Saved entries:
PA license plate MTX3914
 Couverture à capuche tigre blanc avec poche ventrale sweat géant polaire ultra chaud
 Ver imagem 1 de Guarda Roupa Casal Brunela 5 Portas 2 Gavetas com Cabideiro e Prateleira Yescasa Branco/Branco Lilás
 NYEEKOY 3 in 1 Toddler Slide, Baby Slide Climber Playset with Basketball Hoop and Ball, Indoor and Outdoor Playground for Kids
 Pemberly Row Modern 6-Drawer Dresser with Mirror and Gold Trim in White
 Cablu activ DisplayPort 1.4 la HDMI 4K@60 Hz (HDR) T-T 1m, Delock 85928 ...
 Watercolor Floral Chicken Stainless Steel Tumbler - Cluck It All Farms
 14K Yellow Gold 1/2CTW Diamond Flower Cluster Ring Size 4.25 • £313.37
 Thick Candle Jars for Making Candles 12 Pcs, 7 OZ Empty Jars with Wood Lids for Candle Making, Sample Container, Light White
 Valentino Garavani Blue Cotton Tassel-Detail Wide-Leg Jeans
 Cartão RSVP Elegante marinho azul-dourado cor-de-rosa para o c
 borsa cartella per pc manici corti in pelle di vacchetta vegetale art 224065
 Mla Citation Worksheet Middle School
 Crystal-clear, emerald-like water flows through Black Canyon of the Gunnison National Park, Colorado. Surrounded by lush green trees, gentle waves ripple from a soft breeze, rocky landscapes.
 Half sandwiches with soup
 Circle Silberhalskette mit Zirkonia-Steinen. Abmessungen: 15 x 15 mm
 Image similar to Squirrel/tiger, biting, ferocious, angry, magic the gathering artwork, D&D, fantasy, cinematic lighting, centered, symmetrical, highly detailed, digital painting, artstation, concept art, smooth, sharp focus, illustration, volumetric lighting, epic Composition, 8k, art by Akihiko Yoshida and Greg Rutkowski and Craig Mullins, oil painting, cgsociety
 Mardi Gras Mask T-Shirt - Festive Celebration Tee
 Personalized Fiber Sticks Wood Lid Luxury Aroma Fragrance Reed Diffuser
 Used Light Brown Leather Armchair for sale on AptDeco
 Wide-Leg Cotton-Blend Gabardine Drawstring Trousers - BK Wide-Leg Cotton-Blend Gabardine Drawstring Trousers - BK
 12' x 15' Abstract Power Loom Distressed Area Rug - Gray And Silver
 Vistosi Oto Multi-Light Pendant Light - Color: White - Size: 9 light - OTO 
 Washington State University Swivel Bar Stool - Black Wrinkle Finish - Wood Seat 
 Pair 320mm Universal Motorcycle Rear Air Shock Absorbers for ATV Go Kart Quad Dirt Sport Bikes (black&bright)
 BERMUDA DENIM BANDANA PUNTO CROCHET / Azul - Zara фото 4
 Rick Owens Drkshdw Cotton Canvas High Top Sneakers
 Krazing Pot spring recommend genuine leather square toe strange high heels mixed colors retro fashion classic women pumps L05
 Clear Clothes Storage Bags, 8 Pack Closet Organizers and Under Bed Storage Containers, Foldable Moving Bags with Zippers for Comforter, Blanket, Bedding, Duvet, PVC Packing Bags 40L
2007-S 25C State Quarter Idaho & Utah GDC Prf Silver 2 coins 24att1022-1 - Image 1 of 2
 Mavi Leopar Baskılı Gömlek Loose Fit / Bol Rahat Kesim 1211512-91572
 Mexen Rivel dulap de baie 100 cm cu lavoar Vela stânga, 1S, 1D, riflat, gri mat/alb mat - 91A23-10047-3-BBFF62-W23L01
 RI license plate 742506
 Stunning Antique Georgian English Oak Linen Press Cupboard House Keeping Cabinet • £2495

#### ASSIGNED TASK
Only the lines above starting with the one with "Clear Clothes Storage" and going through the one with "Mavi Leopar Baskılı" are to be copied, word for word and with both ends kept.

#### RESPONSE AREA
 Clear Clothes Storage Bags, 8 Pack Closet Organizers and Under Bed Storage Containers, Foldable Moving Bags with Zippers for Comforter, Blanket, Bedding, Duvet, PVC Packing Bags 40L
2007-S 25C State Quarter Idaho & Utah GDC Prf Silver 2 coins 24att1022-1 - Image 1 of 2
 Mavi Leopar Baskılı Gömlek Loose Fit / Bol Rahat Kesim 1211512-91572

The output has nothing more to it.